▸ What this task involves: Copy exactly, please, each line of the data below until the line that contains "4809/101 Bathurst Street, Sydney NSW 2000" has been copied, beginning at the top.

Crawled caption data
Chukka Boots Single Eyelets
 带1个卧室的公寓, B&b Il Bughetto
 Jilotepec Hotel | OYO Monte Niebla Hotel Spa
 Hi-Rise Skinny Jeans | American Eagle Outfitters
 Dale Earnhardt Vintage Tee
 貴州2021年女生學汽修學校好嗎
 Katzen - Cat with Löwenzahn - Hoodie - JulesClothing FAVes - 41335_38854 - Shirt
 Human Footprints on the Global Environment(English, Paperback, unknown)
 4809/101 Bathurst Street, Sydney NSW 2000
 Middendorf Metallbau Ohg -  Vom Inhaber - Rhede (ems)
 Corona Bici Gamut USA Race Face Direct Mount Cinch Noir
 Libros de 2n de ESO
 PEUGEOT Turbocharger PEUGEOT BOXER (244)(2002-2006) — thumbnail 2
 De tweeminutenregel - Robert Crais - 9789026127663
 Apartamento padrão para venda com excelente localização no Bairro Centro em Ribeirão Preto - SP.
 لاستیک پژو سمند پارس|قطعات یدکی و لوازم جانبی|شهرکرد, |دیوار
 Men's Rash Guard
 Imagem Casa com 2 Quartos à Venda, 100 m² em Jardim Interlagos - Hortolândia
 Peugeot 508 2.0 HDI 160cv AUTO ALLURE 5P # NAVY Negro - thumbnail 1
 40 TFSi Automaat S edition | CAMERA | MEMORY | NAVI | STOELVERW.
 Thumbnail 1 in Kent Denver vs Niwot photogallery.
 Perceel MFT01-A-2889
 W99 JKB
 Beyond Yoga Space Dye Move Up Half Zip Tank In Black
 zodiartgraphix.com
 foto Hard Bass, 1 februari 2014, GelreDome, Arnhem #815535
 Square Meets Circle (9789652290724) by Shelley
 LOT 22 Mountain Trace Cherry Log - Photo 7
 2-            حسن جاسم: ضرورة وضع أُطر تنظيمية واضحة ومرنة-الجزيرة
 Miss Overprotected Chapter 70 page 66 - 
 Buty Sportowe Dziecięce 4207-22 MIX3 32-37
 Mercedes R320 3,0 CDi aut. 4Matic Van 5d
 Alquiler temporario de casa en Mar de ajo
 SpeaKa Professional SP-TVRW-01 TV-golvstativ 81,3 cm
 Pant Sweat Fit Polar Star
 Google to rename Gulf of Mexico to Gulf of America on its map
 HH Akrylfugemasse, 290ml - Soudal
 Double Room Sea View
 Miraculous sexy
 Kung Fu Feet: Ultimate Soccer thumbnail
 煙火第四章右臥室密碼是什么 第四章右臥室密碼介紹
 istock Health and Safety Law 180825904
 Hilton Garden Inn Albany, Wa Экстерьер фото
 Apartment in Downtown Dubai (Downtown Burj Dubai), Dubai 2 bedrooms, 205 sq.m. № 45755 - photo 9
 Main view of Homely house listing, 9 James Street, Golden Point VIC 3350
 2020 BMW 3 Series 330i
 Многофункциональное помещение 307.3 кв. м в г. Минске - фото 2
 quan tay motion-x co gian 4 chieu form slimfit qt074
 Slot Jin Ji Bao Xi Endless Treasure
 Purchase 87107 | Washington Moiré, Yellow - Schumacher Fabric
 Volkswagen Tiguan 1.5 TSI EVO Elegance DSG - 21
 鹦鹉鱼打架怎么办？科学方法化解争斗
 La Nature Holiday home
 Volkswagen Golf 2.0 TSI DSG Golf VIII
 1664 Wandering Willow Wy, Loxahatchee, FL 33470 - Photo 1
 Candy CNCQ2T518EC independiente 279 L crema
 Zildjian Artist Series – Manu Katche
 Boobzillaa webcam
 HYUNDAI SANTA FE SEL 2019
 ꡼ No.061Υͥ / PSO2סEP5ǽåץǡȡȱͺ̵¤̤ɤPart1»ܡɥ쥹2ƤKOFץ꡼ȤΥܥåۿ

▸ Answer space:
Chukka Boots Single Eyelets
 带1个卧室的公寓, B&b Il Bughetto
 Jilotepec Hotel | OYO Monte Niebla Hotel Spa
 Hi-Rise Skinny Jeans | American Eagle Outfitters
 Dale Earnhardt Vintage Tee
 貴州2021年女生學汽修學校好嗎
 Katzen - Cat with Löwenzahn - Hoodie - JulesClothing FAVes - 41335_38854 - Shirt
 Human Footprints on the Global Environment(English, Paperback, unknown)
 4809/101 Bathurst Street, Sydney NSW 2000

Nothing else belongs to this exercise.